Progetti e fondi bloccati
A marzo scorso, però, il presidente di Uncem Marco Bussone lamentava che “sin dall’inizio, ci si perde nella burocrazia. Le 72 aree sperimentali, per circa mille Comuni, non verranno mai estese. E i Ministeri non hanno mai avuto voglia di adeguare provvedimenti normativi, numeri e regole a quanto emergeva dalla prima sperimentazione. Basti guardare alla norma sulle classi e sulle dirigenze scolastiche: numeri abbassati due anni fa in legge di bilancio e corretti al rialzo, un anno dopo, governo diverso, nella manovra successiva. I parametri che devono cambiare, restano immutati”. Intanto, il monitoraggio sul programma 2014-2020 si è fermato al 31 ottobre scorso con cifre che parlano da sole: 19% di progetti conclusi, 6% di quelli liquidati, 56% in corso, 18% non avviati.

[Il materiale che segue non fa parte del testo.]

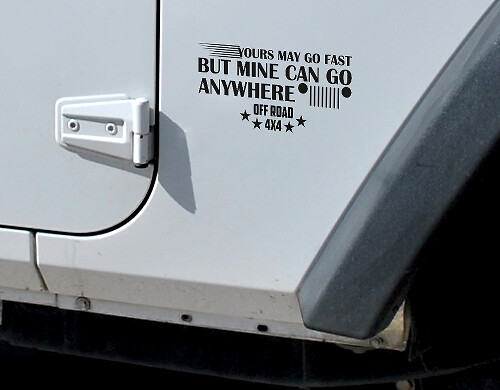 Deiner kann vielleicht schnell fahren, aber meiner kommt überall im Gelände hin 4x4 Vinyl-Aufkleber für Jeep Wrangler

“Con la nuova programmazione comunitaria 2023-2027 – tuonava Bussone già lo scorso anno – anche gli ultimi Governi nella SNAI non hanno creduto. Dovevano partire già nel 2022 altre 43 nuove aree sperimentali SNAI. Tante attese, ma tempi eterni per approvare un “programma di territorio”. Ci lavorano. Siamo ancora lì. Come siamo fermi con 40milioni di euro stanziati nel 2021 dal decreto incendi per la prevenzione proprio nelle aree interne. 40 sono stati spesi, altri 40 sono persi in qualche tavolo della Presidenza del Consiglio, visto che l’Agenzia della Coesione che se ne stava occupando è stata chiusa trasferendo tutti al Dipartimento della Coesione. La Strategia Aree interne non è più nazionale. Solo alcune Regioni (brave!, in primis Lombardia) si sono dotate di risorse dei loro Por Fesr e dello sviluppo rurale per far lavorare insieme Comuni in nuove aree. Di fatto una regionalizzazione di una strategia nazionale che abbiamo perso nelle frizioni istituzionali, nella non continuità amministrativa, nei litigi tra livelli”. Adesso, invece, Foti ha rilanciato riannodando il filo dando seguito a quanto promesso già nel 2024 dal suo predecessore Raffaele Fitto. E allora vedremo nei giorni a venire.
I contenuti del nuovo Piano
Lo stesso presidente Bussone, nelle osservazioni inviate a Foti il 27 gennaio scorso dopo la condivisione del Piano strategico nazionale delle aree interne, ha espresso parole di ottimismo istituzionale. Bene – si legge nella lettera del numero uno di Uncem che riprende e analizza i punti del Psnai – l’approccio integrato “con i quattro punti chiave dell’azione: investire nei servizi pubblici, colmare il divario digitale, sostenere le economie locali, rafforzare lo sviluppo sostenibile”. Positiva, poi, la cooperazione tra aree urbane e aree interne, così come “la necessità di utilizzare tutte le risorse disponibili per le aree interne” che giacciono dal 2014. Obiettivo, mettere in sinergia le strategie (Green Communities, foreste, aree interne). Infine, merito anche alla relazione del pubblico con le imprese sui territori per una nuova cooperazione, così come il binomio semplificazione-tempi certi. Non proprio una coppia tipica del made in Italy.